Bâti scolaire : l’urgence écologique et sanitaire toujours minimisée par l’Éducation nationale
SUD éducation poursuit son travail d’information et de mobilisation autour des questions bâtimentaires. L’Éducation nationale est, en effet, confrontée à un double défi : celui de la nécessaire reconversion du bâti scolaire face à l’urgence écologique et au dérèglement climatique mais aussi le désamiantage du bâti scolaire. La vétusté de ces bâtiments implique une dégradation grandissante des matériaux de construction, qui libère de plus en plus de fibres d’amiante dans l’air. L'amiante est un matériau hautement cancérogène qui peut provoquer des maladies mortelles dès la première exposition. En France, il a été interdit en 1997. 85% des écoles et établissements scolaires et universitaires ont été construit avant cette date, il y a donc de l'amiante dans la plupart d'entre eux. SUD éducation mène une campagne offensive pour alerter sur les dangers de l’amiante et contraindre l’Éducation nationale à assumer ses obligations de protection de la santé et de la sécurité des personnels et des élèves. Il y a là un enjeu de santé publique majeur !

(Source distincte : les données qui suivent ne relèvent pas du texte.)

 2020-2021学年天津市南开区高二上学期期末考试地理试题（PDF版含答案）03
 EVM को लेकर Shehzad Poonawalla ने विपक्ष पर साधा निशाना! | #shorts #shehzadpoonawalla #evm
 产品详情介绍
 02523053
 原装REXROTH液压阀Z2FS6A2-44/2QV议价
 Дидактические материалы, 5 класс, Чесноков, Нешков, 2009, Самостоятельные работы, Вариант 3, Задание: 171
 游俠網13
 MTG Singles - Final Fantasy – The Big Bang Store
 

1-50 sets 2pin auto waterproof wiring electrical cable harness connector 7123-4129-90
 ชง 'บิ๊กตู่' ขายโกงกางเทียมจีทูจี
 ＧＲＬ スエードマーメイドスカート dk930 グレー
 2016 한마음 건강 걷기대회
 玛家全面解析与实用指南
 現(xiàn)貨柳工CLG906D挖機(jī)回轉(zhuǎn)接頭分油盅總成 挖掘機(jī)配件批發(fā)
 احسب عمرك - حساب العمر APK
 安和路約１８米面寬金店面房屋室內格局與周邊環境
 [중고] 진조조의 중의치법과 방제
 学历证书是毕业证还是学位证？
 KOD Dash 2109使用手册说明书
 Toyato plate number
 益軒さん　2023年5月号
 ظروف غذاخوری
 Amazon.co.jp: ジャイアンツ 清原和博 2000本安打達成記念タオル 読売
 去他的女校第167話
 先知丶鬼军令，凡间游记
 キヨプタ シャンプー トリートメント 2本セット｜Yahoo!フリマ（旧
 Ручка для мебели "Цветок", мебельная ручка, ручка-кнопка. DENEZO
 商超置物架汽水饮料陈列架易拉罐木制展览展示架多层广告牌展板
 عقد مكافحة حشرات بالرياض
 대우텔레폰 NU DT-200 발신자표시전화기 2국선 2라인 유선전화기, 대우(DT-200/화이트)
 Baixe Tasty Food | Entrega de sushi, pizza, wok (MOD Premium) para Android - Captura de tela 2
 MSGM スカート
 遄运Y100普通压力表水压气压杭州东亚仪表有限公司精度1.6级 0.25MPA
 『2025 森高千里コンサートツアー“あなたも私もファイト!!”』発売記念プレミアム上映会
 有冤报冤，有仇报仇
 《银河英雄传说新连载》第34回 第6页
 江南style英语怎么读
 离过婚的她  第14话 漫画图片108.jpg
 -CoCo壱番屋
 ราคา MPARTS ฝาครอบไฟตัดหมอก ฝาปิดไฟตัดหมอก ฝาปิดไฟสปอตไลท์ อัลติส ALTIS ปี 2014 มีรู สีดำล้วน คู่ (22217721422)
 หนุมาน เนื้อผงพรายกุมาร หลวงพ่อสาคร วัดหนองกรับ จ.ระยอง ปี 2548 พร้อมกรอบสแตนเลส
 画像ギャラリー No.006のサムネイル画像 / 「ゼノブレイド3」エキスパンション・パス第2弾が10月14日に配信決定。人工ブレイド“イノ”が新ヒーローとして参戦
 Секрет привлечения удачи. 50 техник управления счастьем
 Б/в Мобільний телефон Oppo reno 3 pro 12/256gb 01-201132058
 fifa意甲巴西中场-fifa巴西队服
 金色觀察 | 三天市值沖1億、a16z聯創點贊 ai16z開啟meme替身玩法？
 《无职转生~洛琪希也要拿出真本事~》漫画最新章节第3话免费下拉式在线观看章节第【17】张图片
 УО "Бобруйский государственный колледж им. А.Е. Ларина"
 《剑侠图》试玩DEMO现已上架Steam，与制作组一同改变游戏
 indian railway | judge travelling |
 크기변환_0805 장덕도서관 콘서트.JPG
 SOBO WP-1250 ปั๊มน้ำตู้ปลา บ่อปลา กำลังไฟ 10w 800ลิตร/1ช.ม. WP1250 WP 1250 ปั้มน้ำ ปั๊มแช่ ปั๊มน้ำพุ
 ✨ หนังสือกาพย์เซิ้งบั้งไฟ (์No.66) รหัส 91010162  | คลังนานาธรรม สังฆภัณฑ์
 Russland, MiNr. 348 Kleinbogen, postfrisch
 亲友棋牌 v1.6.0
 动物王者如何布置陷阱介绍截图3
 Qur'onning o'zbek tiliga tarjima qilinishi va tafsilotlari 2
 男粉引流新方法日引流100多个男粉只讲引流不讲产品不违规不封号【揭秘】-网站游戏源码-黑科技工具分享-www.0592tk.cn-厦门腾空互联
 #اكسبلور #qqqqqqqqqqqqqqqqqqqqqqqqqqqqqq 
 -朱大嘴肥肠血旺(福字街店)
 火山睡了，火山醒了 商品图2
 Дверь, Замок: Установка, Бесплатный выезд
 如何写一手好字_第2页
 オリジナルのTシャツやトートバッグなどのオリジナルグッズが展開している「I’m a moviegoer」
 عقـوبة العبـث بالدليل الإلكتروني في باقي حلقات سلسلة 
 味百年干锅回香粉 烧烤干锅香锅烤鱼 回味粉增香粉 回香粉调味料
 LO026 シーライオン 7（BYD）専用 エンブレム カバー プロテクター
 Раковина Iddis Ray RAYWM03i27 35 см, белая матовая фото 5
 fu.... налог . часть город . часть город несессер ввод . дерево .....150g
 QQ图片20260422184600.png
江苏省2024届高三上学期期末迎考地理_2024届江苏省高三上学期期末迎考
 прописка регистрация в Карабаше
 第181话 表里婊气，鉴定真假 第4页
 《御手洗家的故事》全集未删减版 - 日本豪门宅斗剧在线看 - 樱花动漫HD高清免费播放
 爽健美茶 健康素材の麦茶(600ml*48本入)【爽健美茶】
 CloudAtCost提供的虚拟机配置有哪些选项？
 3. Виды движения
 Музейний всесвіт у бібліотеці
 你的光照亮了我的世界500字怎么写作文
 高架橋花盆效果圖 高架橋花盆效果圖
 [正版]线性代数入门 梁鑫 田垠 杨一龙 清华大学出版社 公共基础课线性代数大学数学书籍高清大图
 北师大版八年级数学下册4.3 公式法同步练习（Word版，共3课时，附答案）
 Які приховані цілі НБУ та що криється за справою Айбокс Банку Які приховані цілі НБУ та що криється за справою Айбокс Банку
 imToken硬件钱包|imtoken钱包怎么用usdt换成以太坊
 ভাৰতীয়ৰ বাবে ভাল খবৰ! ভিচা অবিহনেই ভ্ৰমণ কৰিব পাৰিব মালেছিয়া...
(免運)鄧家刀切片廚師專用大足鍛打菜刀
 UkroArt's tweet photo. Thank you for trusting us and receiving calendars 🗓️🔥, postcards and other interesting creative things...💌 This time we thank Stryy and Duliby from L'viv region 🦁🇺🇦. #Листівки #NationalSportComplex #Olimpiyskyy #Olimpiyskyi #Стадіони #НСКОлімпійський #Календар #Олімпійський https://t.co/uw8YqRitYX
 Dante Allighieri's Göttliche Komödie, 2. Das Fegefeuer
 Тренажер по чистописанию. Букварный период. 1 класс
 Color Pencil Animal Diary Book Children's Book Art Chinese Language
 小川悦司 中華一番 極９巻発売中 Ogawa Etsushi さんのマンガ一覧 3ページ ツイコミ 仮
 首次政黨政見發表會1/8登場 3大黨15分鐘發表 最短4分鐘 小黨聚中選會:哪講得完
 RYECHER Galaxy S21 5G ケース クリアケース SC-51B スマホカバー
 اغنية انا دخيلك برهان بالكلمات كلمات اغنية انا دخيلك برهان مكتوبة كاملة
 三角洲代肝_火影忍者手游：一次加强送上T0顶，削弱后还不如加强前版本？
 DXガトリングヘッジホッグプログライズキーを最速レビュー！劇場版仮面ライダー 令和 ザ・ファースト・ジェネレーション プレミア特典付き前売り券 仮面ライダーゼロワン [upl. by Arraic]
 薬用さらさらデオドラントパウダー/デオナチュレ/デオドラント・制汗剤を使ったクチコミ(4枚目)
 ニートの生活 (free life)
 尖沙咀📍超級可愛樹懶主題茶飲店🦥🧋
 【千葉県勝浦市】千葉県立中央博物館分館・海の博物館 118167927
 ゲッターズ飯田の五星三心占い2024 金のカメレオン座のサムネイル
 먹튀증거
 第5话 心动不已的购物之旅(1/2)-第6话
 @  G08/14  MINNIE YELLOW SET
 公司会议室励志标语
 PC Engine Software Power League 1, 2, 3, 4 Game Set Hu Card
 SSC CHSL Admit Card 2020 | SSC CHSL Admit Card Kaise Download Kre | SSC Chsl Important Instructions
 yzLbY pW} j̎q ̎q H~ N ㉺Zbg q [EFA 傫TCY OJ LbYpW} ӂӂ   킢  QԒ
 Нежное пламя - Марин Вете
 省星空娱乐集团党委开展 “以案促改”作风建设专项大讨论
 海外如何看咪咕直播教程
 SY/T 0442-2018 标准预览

PLF 2025 : comment financer l’école ?
Face aux défis que doit relever l’école, le gouvernement doit faire des choix budgétaires forts à l’occasion du Projet de Loi de Finances 2025. Financé à 75% par l’argent public, l’enseignement privé consomme 10,5% du budget de l’éducation en 2022 (10,4 milliards d’argent public, son budget a augmenté de 27% entre 2014 et 2024, davantage que le budget du public. La casse du service public d’éducation profite à l’enseignement privé dont la fréquentation est en augmentation : en 2022, ce sont 21,6 % des élèves de 15 ans qui étaient scolarisés dans des établissements privés contre 16,4 % en 2018. Le taux d’élèves scolarisés dans le privé est aujourd’hui deux fois plus élevé à Paris que dans la moyenne nationale, et pourrait y devenir majoritaire d’ici dix ans. De même, près de 40% des lycéen·nes bretons sont scolarisé·es dans des établissements catholiques privés sous contrat.
L’Éducation nationale organise et finance la ségrégation scolaire : lorsqu’un collège favorisé est situé près d’un établissement défavorisé, dans 85% des cas c’est un établissement privé. Ainsi la présence de l’établissement privé nuit à la mixité sociale.
Pour SUD éducation, il y a urgence à mettre sur la table le sujet du financement de l’enseignement privé à l’occasion des débats sur le budget 2025 afin de garantir un vrai service public d’éducation laïque sur tout le territoire.